→ **TASK**:
The expected output is the line bearing "2009款 730Li 3.0L 豪华型" followed by all remaining lines of the records, each restated word for word.

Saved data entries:
_ _ _ _ _
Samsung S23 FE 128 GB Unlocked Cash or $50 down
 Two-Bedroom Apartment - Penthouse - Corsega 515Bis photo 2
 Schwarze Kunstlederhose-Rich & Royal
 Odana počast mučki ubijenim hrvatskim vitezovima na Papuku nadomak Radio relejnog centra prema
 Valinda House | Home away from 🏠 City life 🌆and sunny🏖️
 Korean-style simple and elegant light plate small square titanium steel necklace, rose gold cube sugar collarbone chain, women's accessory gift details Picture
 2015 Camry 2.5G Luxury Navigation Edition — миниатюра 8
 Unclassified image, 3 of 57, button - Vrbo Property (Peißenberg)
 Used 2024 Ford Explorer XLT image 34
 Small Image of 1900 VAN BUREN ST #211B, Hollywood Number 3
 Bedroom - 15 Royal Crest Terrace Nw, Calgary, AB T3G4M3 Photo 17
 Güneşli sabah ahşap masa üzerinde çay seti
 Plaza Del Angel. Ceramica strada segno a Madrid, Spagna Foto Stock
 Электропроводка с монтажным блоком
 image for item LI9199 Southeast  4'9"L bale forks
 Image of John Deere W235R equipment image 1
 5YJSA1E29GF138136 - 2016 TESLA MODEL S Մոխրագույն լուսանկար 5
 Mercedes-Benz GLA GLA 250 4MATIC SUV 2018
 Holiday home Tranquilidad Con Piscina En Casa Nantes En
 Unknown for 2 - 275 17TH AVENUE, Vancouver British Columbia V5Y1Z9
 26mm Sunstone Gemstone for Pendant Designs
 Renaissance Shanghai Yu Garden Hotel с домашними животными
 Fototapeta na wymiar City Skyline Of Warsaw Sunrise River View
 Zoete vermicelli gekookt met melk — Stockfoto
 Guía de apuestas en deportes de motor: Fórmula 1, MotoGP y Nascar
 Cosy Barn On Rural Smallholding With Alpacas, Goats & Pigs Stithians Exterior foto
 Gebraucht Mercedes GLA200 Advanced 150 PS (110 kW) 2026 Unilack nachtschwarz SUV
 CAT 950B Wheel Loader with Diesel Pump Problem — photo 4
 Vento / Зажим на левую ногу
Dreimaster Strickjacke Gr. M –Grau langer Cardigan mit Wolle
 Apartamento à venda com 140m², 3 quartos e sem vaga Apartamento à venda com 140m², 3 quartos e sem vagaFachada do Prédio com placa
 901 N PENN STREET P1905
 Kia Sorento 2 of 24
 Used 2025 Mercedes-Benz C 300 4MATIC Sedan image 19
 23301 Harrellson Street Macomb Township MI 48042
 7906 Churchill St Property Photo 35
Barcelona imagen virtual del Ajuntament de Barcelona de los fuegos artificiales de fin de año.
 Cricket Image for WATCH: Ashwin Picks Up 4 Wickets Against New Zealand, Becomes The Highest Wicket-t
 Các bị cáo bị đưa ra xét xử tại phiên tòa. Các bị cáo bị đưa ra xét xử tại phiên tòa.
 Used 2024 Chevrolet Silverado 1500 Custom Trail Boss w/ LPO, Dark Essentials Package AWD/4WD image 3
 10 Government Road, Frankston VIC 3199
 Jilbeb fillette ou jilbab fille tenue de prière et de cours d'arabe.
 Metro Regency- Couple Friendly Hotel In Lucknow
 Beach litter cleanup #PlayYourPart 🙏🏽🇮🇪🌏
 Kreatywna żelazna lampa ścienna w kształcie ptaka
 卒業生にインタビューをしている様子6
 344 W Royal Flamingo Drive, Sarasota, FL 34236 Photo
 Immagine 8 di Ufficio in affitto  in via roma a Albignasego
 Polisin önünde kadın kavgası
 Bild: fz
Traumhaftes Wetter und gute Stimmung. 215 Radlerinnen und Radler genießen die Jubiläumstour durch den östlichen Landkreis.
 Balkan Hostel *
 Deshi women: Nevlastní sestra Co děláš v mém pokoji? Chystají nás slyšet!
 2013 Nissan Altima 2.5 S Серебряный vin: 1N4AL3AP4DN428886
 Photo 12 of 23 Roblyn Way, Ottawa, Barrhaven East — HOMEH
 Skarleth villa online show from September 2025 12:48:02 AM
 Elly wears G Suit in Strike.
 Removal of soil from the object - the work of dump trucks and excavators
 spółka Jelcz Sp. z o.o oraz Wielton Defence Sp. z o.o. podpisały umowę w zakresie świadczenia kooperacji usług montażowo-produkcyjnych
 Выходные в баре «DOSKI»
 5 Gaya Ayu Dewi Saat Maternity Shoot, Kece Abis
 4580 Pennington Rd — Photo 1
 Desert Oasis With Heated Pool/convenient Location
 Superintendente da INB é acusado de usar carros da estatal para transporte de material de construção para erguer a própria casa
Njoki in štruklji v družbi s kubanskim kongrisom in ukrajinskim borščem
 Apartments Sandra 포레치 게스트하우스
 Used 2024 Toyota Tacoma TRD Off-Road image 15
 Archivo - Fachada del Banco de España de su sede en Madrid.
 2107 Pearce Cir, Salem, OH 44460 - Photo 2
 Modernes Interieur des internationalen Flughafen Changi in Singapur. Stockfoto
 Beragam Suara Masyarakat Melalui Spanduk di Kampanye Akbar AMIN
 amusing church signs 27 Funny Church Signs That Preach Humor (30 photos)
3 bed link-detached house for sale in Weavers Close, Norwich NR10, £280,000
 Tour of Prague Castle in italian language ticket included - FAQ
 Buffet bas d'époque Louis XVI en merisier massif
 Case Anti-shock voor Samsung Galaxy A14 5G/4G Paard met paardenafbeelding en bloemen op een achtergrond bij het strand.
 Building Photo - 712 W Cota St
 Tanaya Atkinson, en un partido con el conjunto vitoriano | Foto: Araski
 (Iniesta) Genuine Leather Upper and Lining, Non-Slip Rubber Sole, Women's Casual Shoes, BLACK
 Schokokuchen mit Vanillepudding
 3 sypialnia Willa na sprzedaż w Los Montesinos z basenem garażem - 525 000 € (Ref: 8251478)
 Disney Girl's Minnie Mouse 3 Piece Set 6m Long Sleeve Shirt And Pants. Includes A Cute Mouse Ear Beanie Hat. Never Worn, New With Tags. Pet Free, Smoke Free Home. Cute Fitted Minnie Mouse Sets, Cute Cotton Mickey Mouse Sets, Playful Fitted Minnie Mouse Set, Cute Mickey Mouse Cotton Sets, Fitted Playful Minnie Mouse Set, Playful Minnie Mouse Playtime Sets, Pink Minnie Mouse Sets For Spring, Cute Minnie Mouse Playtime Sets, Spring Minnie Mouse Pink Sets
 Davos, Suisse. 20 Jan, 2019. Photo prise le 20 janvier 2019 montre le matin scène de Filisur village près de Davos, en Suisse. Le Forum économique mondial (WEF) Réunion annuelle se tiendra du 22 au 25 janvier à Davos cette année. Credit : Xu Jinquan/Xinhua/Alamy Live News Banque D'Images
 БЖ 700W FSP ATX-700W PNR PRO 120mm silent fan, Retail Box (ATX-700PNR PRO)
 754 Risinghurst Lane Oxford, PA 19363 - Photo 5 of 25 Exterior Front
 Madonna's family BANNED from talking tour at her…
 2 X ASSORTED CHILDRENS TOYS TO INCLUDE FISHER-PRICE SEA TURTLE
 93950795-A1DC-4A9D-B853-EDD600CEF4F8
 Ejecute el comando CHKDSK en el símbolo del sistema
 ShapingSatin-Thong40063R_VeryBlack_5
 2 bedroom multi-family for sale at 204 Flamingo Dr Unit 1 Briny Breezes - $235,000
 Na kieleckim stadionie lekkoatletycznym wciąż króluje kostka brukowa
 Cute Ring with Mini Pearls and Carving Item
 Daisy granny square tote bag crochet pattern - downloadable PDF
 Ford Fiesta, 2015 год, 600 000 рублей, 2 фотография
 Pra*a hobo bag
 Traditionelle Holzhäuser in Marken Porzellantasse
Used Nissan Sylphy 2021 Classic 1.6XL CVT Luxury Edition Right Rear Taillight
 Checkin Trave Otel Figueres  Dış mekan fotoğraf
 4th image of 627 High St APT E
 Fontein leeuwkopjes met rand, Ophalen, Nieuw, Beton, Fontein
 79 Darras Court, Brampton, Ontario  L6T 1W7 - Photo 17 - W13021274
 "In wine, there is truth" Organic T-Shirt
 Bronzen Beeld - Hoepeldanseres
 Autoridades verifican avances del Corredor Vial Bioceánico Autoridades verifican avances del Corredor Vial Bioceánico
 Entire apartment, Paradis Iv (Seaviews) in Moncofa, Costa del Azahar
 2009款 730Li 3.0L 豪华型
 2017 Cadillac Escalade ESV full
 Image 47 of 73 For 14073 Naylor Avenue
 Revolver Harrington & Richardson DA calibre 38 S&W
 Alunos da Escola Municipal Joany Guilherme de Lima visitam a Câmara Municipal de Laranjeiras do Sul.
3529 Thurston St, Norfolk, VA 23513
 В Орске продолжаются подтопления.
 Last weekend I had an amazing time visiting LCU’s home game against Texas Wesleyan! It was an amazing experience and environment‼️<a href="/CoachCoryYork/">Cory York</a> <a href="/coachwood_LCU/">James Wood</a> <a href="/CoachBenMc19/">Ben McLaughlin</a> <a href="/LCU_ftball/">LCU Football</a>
_ _ _ _ _
→ **EXERCISE OUTPUT**:
 2009款 730Li 3.0L 豪华型
 2017 Cadillac Escalade ESV full
 Image 47 of 73 For 14073 Naylor Avenue
 Revolver Harrington & Richardson DA calibre 38 S&W
 Alunos da Escola Municipal Joany Guilherme de Lima visitam a Câmara Municipal de Laranjeiras do Sul.
3529 Thurston St, Norfolk, VA 23513
 В Орске продолжаются подтопления.
 Last weekend I had an amazing time visiting LCU’s home game against Texas Wesleyan! It was an amazing experience and environment‼️<a href="/CoachCoryYork/">Cory York</a> <a href="/coachwood_LCU/">James Wood</a> <a href="/CoachBenMc19/">Ben McLaughlin</a> <a href="/LCU_ftball/">LCU Football</a>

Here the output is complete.